2. Originally Posted by redfox2600
It is Seperation of Variable, Homogeneous Equation, Exact Equation or Linear Equation?

Question
$\displaystyle a^2(dy-dx) = x^2 dy + y^2 dx$ ; $\displaystyle a$ is constant

$\displaystyle 2$ $\displaystyle tan^{-1}$ $\displaystyle \left(\frac{y}{a}\right)$ $\displaystyle = ln \left | \frac {c(x+a)}{(x-a)} \right |$
It clearly re-arranges into $\displaystyle (a^2 - x^2) dy = (y^2 + a^2) dx$ and is therefore seperable.

3. Thank mr fantastic,

Here is my partial solution.

Separation of the variables:

$\displaystyle \frac {dy}{(a^2 + y^2)} = \frac {dx}{(a^2 - x^2)}$

$\displaystyle \frac {dy}{(a^2 + y^2)} = \frac {dx}{(a + x)(a - x)}$

Right side of the equation:

$\displaystyle \int \frac {dx}{(a + x)(a - x)}$

$\displaystyle \int \frac {dx}{(a + x)} \cdot \int \frac {dx}{(a-x)}$

$\displaystyle \int \frac {dx}{(x+a)} \cdot \int \frac {dx}{-(x-a)}$

$\displaystyle \int \frac {dx}{(x+a)} \cdot -\int \frac {dx}{(x-a)}$

$\displaystyle ln \mid x + a \mid$ $\displaystyle -ln \mid x - a \mid +ln \mid c \mid$

$\displaystyle ln \mid x + a \mid$ $\displaystyle - ln \mid x - a \mid +ln \mid c \mid$

$\displaystyle ln \mid x + a \mid$ $\displaystyle + ln \left( \mid x - a \mid \right)^{-1} +ln \mid c \mid$

$\displaystyle ln \left| \frac {(x + a)}{(x - a)} \right| +ln \mid c \mid$

$\displaystyle ln \left| \frac {c(x + a)}{(x - a)} \right|$

Did I wrote the equation correctly?
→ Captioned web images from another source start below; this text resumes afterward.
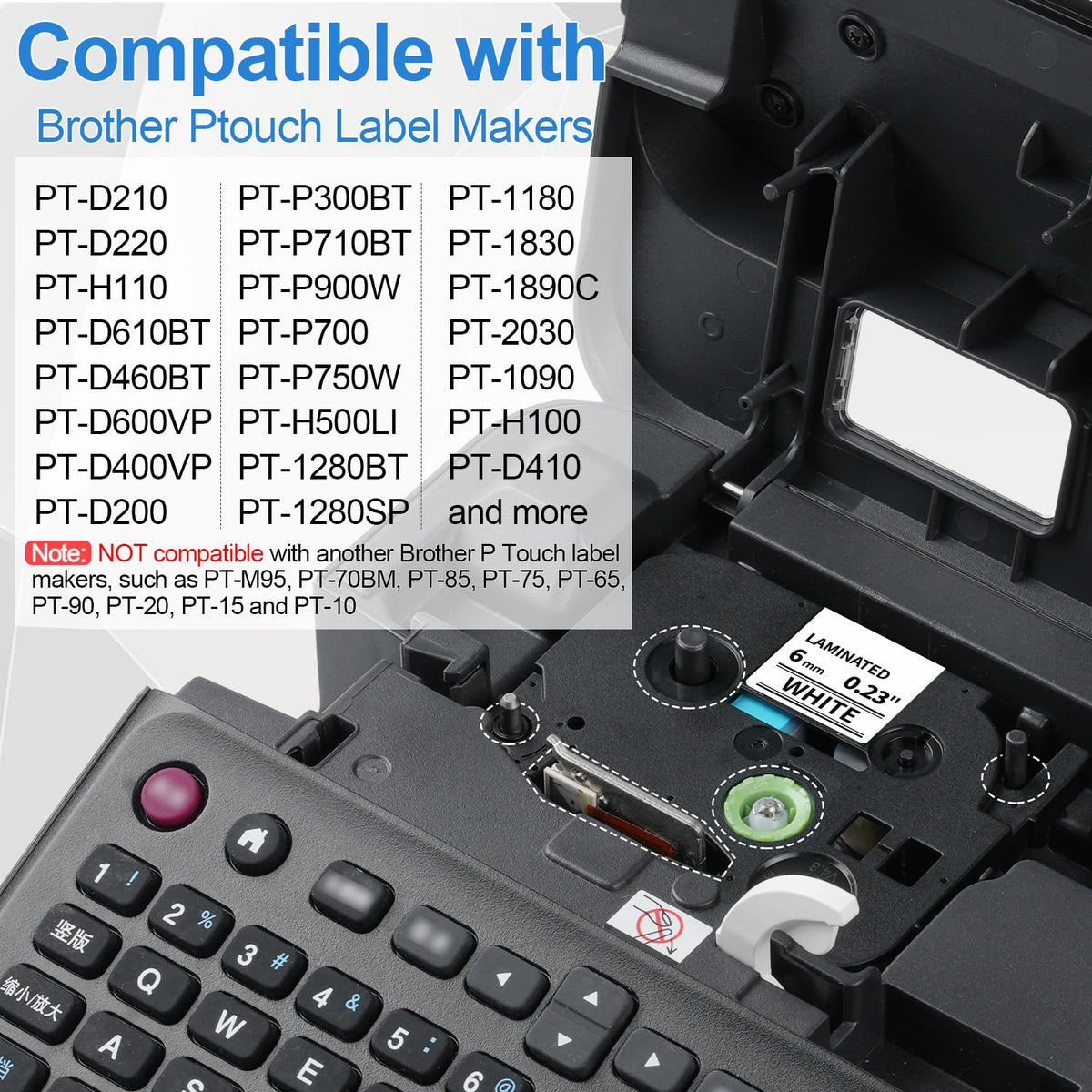 6-Pack 6mm 0.23'' Label Tape Replacement for Brother P Touch TZe-211 TZe211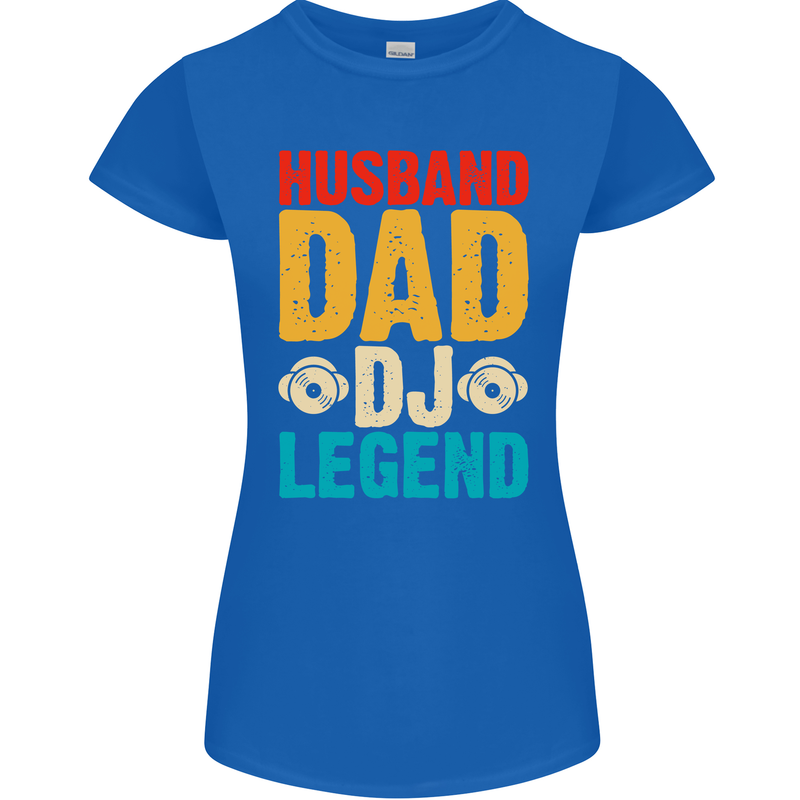 Husband Dad DJ Legend Fathers Day Womens Petite Cut T-Shirt Royal Blue
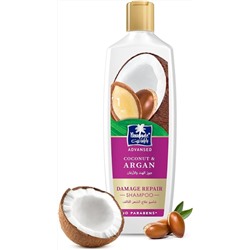 Coconut & Argan Shampoo DAMAGE REPAIR, Parachute (ВОССТАНАВЛИВАЮЩИЙ шампунь с кокосом и арганой, без парабенов, Парашют), 340 мл.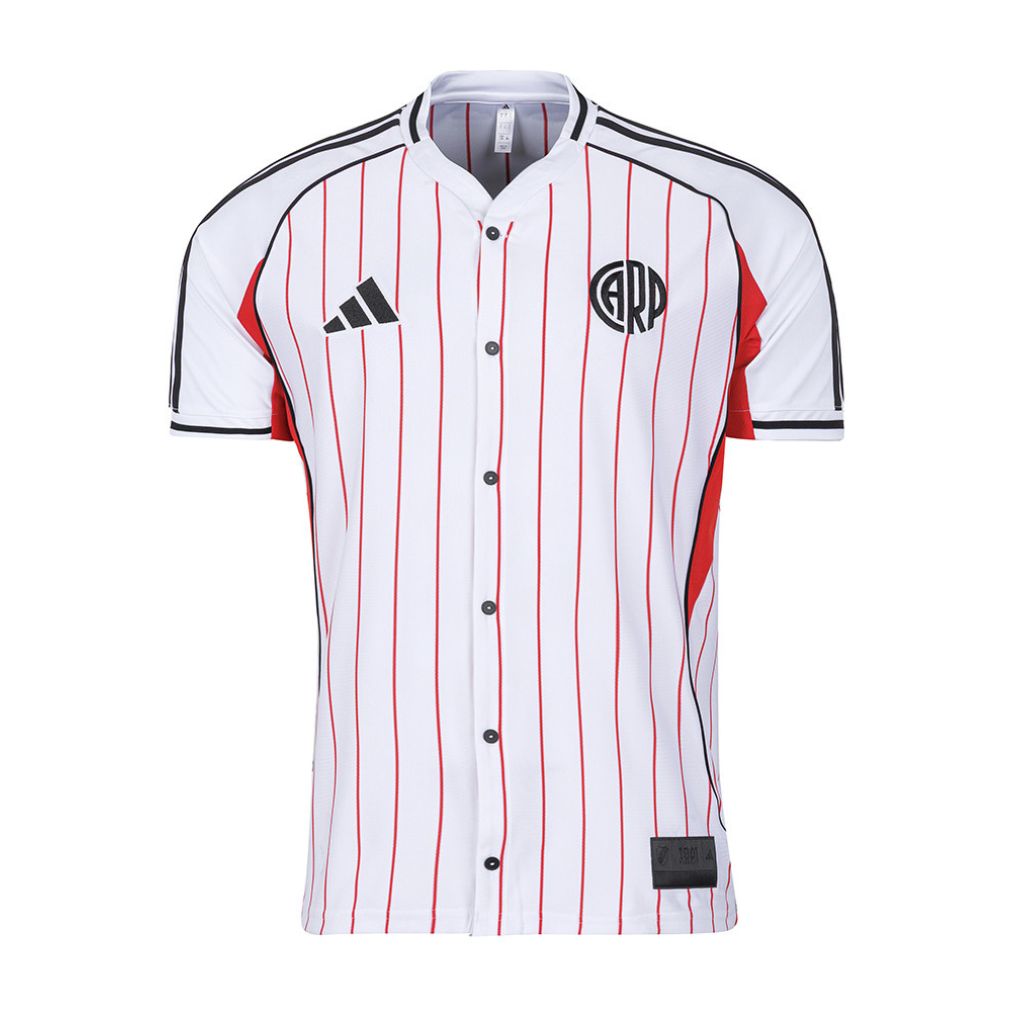 River Plate Adidas Baseball Jersey – striped and red retro football jersey front view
Correct me if I am wrong.

Left side of the equation:

$\displaystyle \int \frac {dy}{(a^2 + y^2)}$
I'm stucked in this point. How can I go to the answer (left side of the equation)?

$\displaystyle 2 tan^{-1} \frac {y}{a} = ln \left| \frac {c(x+a)}{(x-a)} \right|$

I think this theorem would be help. But I am not sure how to go to the answer.
Theorem: Inverse Trigonometric Functions
$\displaystyle \frac {d}{dx} (tan^{-1}) = \frac {1}{1 + u^2} \frac {du}{dx}$

Thanks to all.
Regards,

4. Originally Posted by redfox2600
$\displaystyle \int \frac {dx}{(x+a)} \cdot -\int \frac {dx}{(x-a)}$
$\displaystyle ln \mid x + a \mid$ $\displaystyle -ln \mid x - a \mid +ln \mid c \mid$
This is wrong. It's multiplication, not substraction
Use partial fraction

Left side of the equation:

$\displaystyle \int \frac {dy}{(a^2 + y^2)}$
I'm stucked in this point. How can I go to the answer (left side of the equation)?
use substitution : y = a (tan theta)

5. thanks songoku.